§ Work order
Every line below needs to be transcribed without alteration, and no image may be carried over.

§ Collected data

____________________

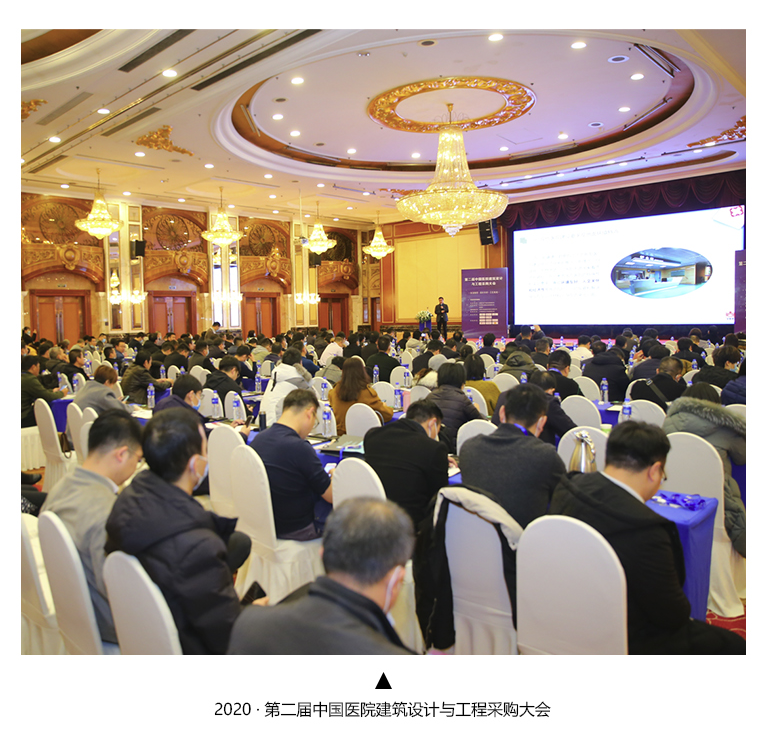 微信截图_20220331114855.png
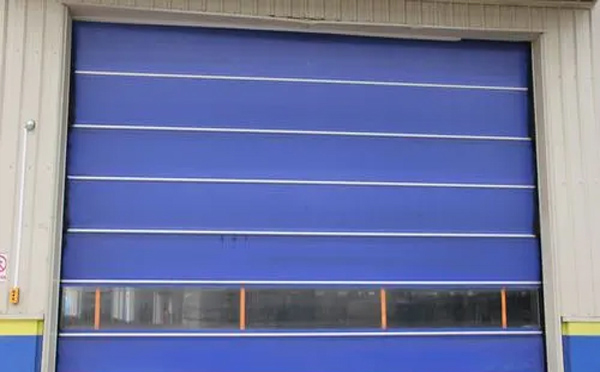 墨玉快速墨玉卷帘门互锁怎么接线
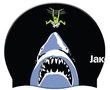 Jaws-badmuts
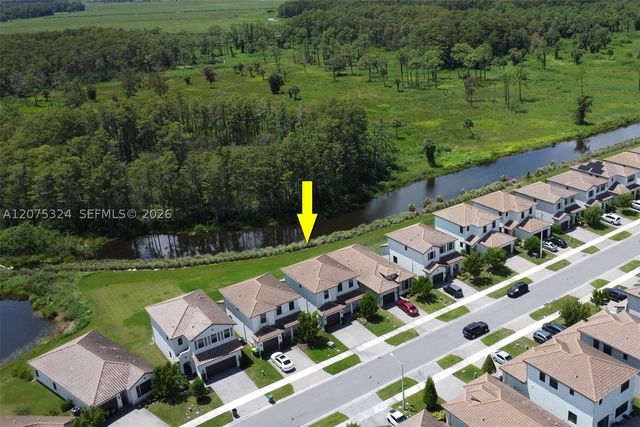 5504 Agostino Way, Ave Maria, FL 34142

____________________

§ Completed exercise
 微信截图_20220331114855.png
 墨玉快速墨玉卷帘门互锁怎么接线
 Jaws-badmuts
 5504 Agostino Way, Ave Maria, FL 34142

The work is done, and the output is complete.